--- Task to carry out ---
Among the entries below, extract exactly the lines that run from the one with "Foo Fighters Take" through the one with "Threaded Hoop Earrings", both ends included.

Raw data Start Marker

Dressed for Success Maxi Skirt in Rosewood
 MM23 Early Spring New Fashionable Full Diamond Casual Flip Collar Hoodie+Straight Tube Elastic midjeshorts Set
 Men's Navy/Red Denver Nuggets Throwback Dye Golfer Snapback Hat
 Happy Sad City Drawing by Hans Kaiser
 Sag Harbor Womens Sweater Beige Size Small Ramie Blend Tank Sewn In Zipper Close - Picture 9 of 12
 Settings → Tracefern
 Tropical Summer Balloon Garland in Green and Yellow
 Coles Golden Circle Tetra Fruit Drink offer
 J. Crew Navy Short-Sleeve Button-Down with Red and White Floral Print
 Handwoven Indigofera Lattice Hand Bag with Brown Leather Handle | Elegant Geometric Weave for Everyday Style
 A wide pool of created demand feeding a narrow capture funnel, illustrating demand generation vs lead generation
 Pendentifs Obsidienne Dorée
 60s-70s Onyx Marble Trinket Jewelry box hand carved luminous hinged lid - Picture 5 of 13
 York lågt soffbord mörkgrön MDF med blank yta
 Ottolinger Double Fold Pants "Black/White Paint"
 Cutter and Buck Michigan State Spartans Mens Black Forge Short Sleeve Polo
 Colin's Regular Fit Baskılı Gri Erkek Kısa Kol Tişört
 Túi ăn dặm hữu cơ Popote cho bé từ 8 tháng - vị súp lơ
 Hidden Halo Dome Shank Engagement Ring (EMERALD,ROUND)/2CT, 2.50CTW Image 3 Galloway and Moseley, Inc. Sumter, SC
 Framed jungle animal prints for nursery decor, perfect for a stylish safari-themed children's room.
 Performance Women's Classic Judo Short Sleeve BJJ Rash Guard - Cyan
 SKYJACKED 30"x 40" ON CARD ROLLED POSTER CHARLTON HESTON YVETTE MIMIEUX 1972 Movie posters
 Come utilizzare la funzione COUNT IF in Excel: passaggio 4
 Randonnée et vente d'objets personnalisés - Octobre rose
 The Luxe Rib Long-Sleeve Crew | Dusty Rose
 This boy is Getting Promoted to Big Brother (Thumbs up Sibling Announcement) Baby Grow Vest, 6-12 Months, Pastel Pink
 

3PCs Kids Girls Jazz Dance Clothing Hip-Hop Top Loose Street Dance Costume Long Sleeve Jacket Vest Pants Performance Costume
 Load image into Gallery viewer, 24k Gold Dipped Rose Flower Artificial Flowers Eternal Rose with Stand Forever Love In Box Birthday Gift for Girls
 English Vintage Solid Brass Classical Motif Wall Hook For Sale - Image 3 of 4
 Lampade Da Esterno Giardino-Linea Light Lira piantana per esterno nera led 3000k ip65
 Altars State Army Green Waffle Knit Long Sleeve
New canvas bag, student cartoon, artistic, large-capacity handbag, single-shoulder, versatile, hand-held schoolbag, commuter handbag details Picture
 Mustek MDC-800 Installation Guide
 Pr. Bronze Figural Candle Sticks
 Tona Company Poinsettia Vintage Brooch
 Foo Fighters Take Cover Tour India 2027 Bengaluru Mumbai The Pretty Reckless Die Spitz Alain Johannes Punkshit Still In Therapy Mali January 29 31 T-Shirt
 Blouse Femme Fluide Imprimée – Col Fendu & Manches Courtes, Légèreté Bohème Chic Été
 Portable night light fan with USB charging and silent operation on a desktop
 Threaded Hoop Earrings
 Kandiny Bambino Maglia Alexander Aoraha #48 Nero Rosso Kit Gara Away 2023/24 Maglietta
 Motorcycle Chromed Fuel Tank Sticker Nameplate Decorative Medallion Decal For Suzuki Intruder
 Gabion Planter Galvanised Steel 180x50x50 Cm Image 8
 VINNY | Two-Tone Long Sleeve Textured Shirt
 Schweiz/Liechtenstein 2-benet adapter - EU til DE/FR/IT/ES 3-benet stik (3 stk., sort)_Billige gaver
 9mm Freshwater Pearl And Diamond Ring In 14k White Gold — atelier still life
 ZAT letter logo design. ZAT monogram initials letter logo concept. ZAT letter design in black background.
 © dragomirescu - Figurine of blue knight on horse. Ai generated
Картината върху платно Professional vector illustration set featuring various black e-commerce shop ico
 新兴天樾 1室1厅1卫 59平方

Raw data End Marker

--- Response area ---
 Foo Fighters Take Cover Tour India 2027 Bengaluru Mumbai The Pretty Reckless Die Spitz Alain Johannes Punkshit Still In Therapy Mali January 29 31 T-Shirt
 Blouse Femme Fluide Imprimée – Col Fendu & Manches Courtes, Légèreté Bohème Chic Été
 Portable night light fan with USB charging and silent operation on a desktop
 Threaded Hoop Earrings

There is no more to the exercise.